__WHAT THE EXERCISE ASKS__
Where the line containing "We at Beckwith" appears, start repeating, and continue exactly through the last line below, adding nothing. Include no pictures.

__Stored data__
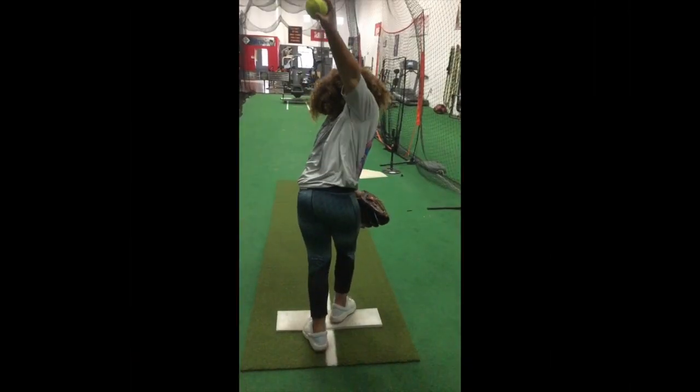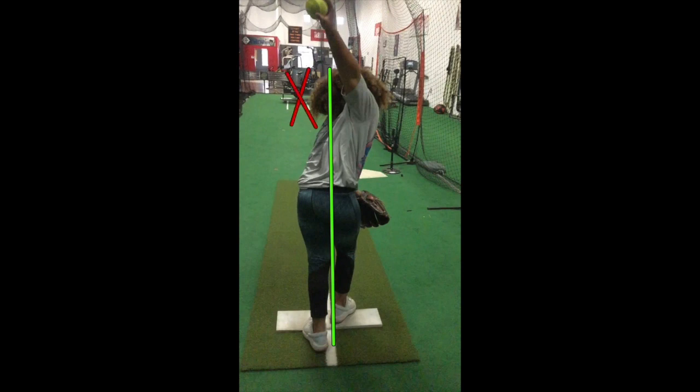If you remember the previous video, the young pitcher was bringing her ball hand back behind her spine. This pattern developed a bad chain reaction. Do you notice her shoulders are no longer on target? Do you also see her hip angle has turned, forcing her body to move and accommodate a clear arm path?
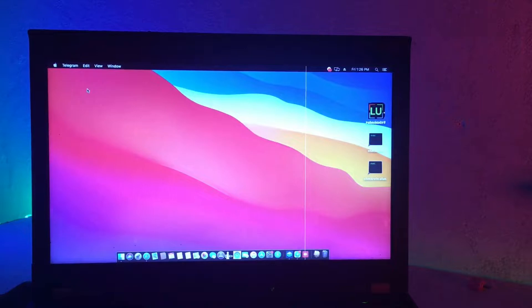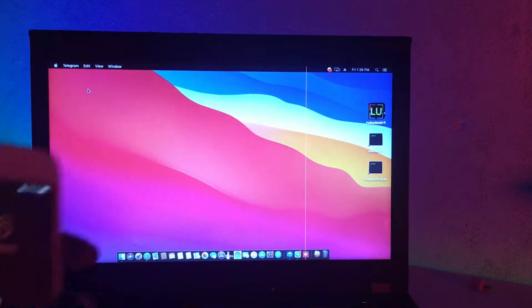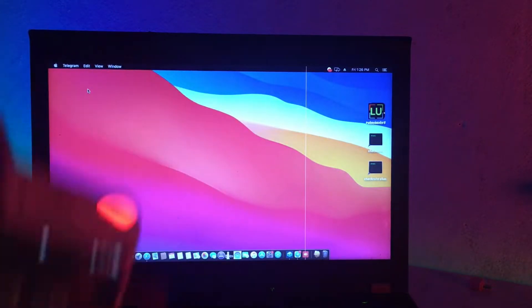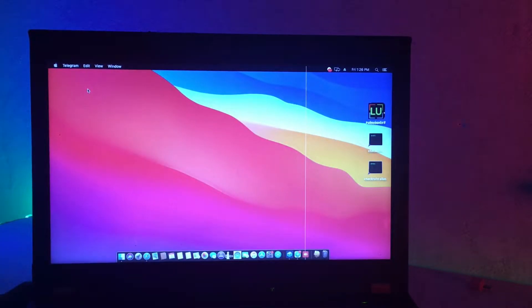Hello guys, today I want to show you how you can jailbreak this device — the password device — and it works 100% with a new tool. I need to show you how you can jailbreak your device and work 100% without problem. If you are new to my channel, subscribe now, like, share, and comment to see our new updates. This video is for education — how you can jailbreak your device and bypass with a password within YouTube.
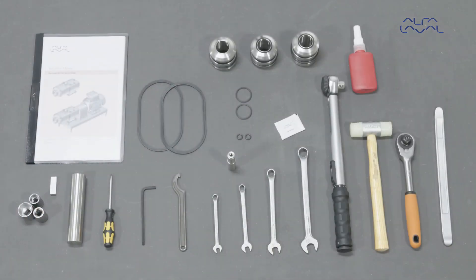To maintain the Alfa Laval twin screw pump as shown, these tools are required. Always remember to read the instruction manual thoroughly to make sure that you cover all the maintenance steps — this video only shows you some of the steps. When servicing Alfa Laval equipment, always wear appropriate personal protective equipment. Thank you for watching.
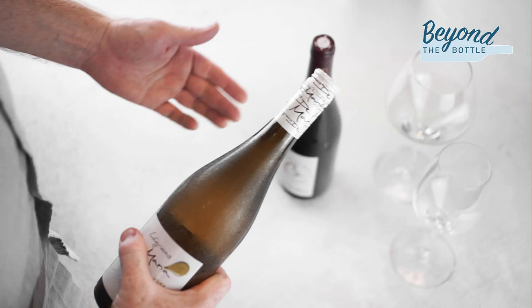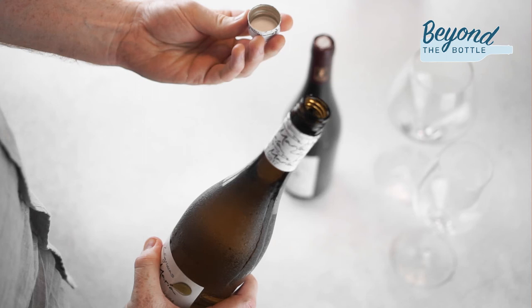Opening a screw cap bottle is pretty straightforward, but the tip is not to open the top part of the capsule, but to twist the lower part instead. This is the fail-safe way of breaking the screw cap seal and avoids the inconvenience of the whole capsule just twisting around, which actually happens quite frequently. Happy sipping!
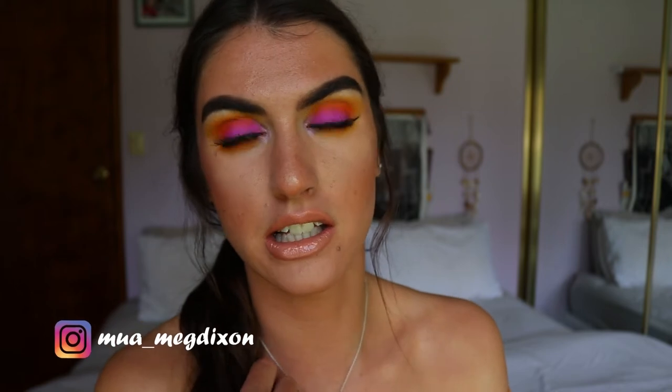Hey guys and welcome back to my channel. Today's makeup look is an eye and lip tutorial — a sunset smoky eye. I think it's really daytime appropriate, it's very soft. I wore this clubbing the other night and it was so pretty, but instead of putting a nude I put a brown eyeliner in there so it was a bit more smoky. I wanted to keep it more daytime appropriate so I put the nude in.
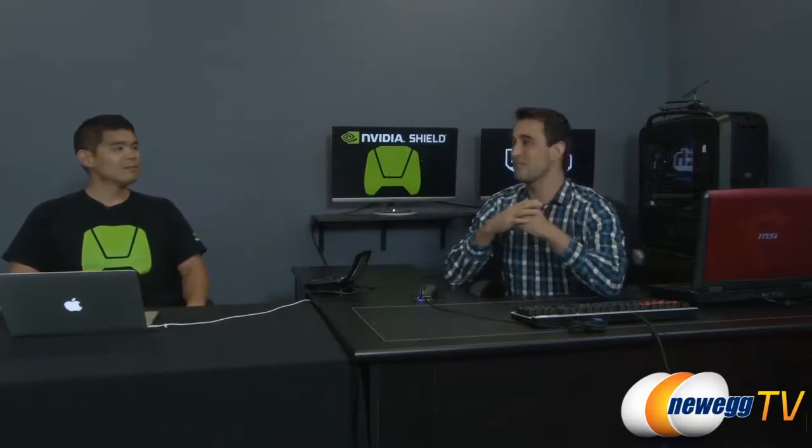All right everybody, thank you so much for joining us. I'm Steve with Newegg TV. And this is Will Park from NVIDIA joining us today to do a Q&A on Shield, along with a little bit of a demonstration. Doing well, glad to be back.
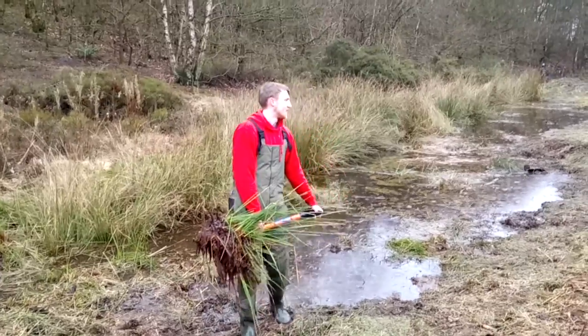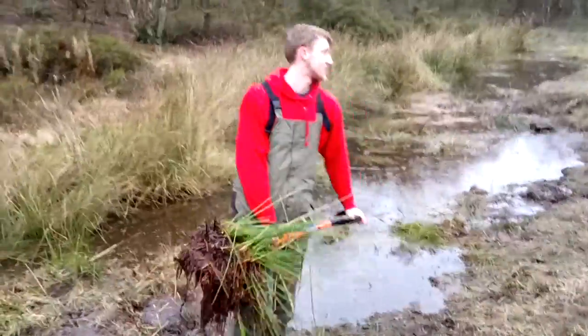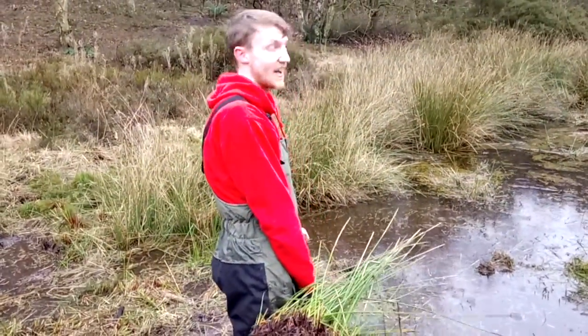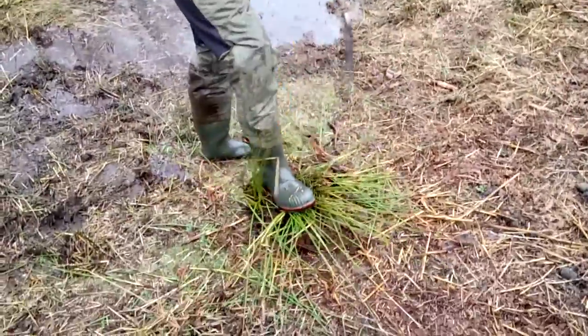We're here at Nickerton Hill. We're just removing the rush from the side of the car park here to create an open water landscape — well, standing water — for dragonflies, damselflies, and newts.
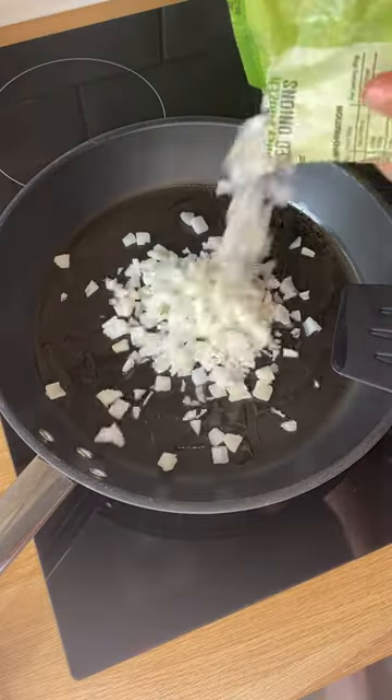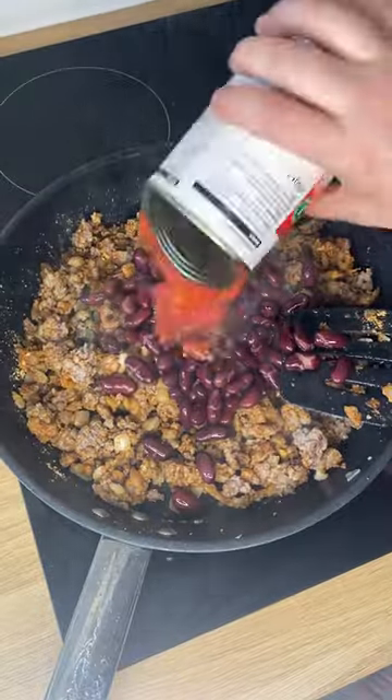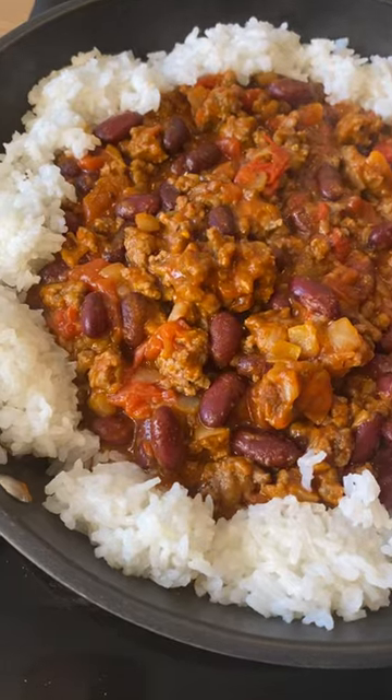Start by frying your onion followed by your minced beef. Once browned, add your seasoning, then add your kidney beans and tinned tomatoes. Mix it up, serve with rice and enjoy. Happy cheap eating, bye!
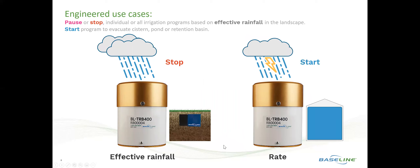Engineered use cases unique to Baseline's technology would be to create a stop or pause condition based on effective rainfall in the landscape. As a rain event is happening, water collects in the tipping rain bucket as well as infiltrating into the soil profile, where it is then measured by a Baseline moisture sensor that is associated with the Precip Sensor component.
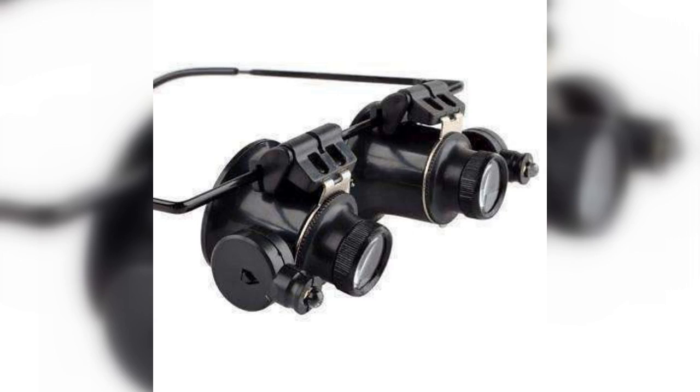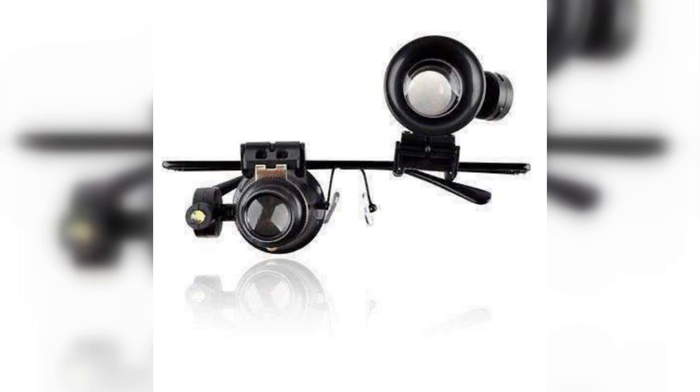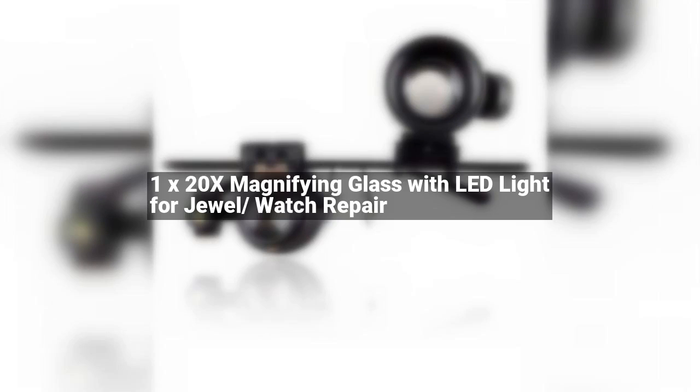Package includes 1x20x magnifying glass with LED light for jewel and watch repair. This magnifying glass is the ideal tool for jewelers, watchmakers, and coin and stamp connoisseurs. Adjustable LED light for better illumination; loop can be adjusted on the eyeglass frame. Wide view, great for watch repairing and inspecting jewelries, stamps, coins, notes, etc. Focus range 0.4 inch.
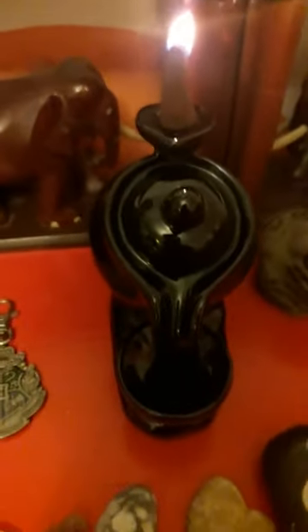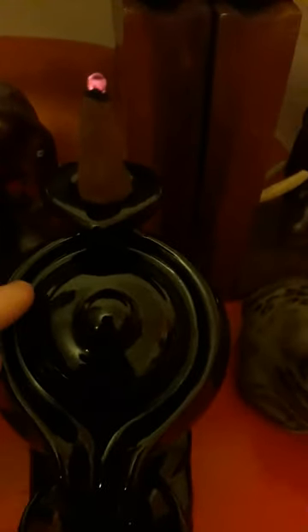This is a backflow incense burner and you have to get these special backflow cones. You light them up like a normal incense cone, then blow it out. It smokes upwards at first and then it will smoke downwards, and the smoke will flow around these channels here.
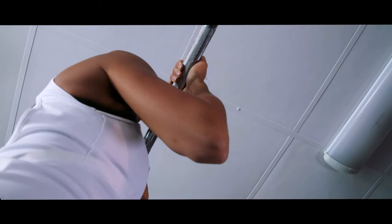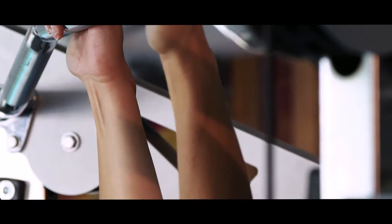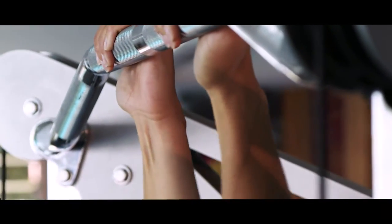After a second of squeezing the biceps, slowly lower yourself back to the starting position. Breathe in as you perform this portion of the movement. Do as many as you can.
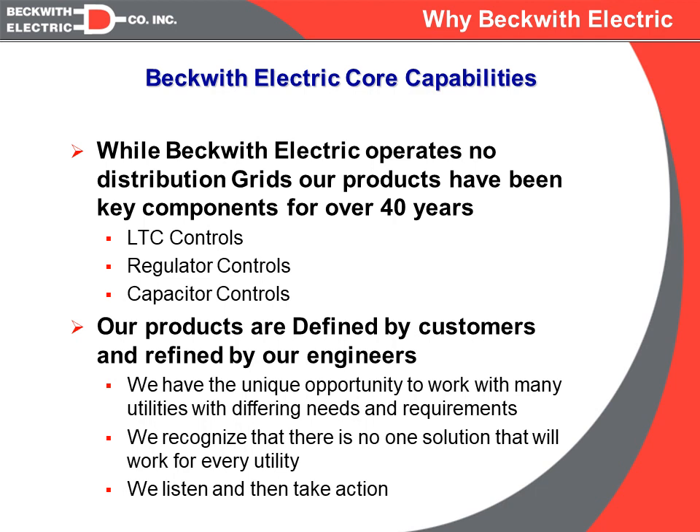We at Beckwith Electric listen to the customers and then we take action. As we go through these presentations and get into some of the actual problems and the features that we have implemented, we will try to discuss why the customer needed that particular feature and how we implemented it.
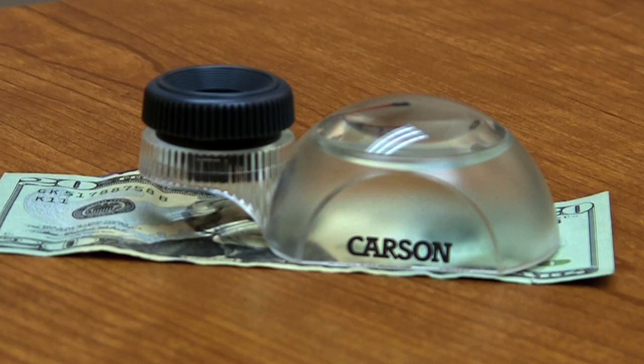The Carson Dual View is a 3 power stand loupe combined with a 12 power focusing loupe. This dual purpose magnifier is great for situations where you need a high or low powered magnifier.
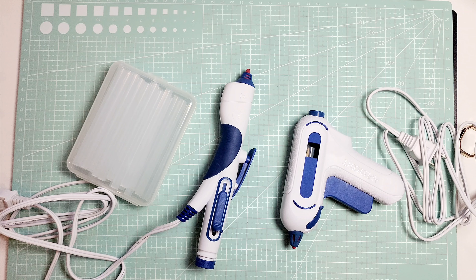That was my review of the Westcott hot glue set. I hope you enjoyed this unpacking and review. Thank you so much for watching and I'll see you next time.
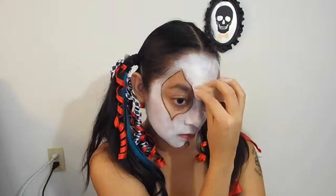Once that's done, carefully paint your face white. Now going back to the eyes — I'm going to have one eye with red eyeshadow and the other with black eyeshadow.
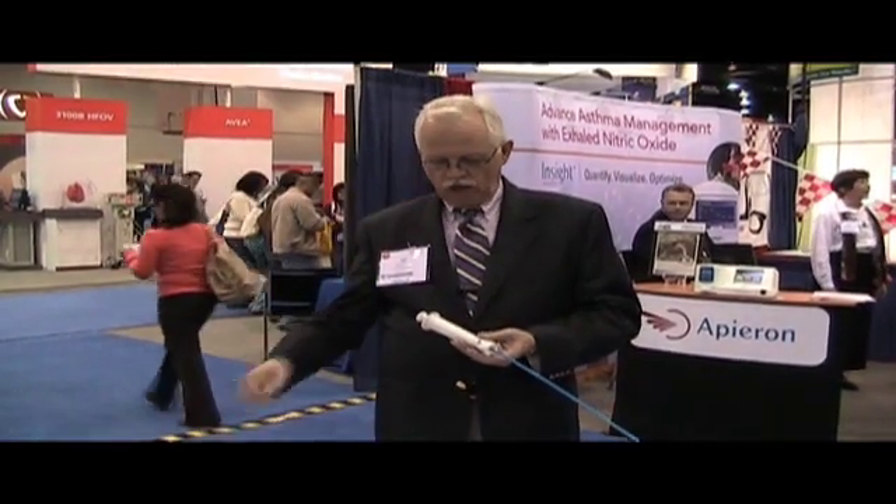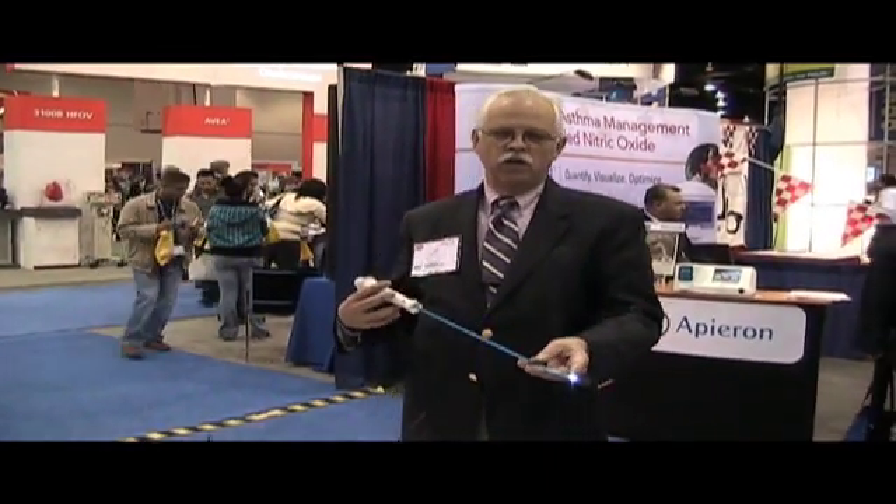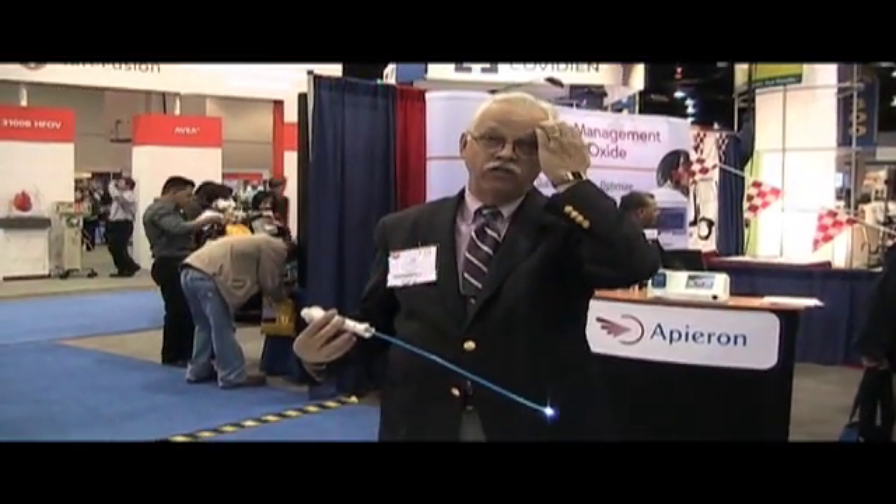Everything from this plug all the way through to the end of the device where the light is, is disposable. There are no batteries in the handle itself. All the power for the unit comes from the monitor. In the end of this, we have a video camera, a little cell phone camera, and a couple of LEDs that give us our light source.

__PROBLEM SOLUTION__
We at Beckwith Electric listen to the customers and then we take action. As we go through these presentations and get into some of the actual problems and the features that we have implemented, we will try to discuss why the customer needed that particular feature and how we implemented it.
The Carson Dual View is a 3 power stand loupe combined with a 12 power focusing loupe. This dual purpose magnifier is great for situations where you need a high or low powered magnifier.
That was my review of the Westcott hot glue set. I hope you enjoyed this unpacking and review. Thank you so much for watching and I'll see you next time.
Once that's done, carefully paint your face white. Now going back to the eyes — I'm going to have one eye with red eyeshadow and the other with black eyeshadow.
Everything from this plug all the way through to the end of the device where the light is, is disposable. There are no batteries in the handle itself. All the power for the unit comes from the monitor. In the end of this, we have a video camera, a little cell phone camera, and a couple of LEDs that give us our light source.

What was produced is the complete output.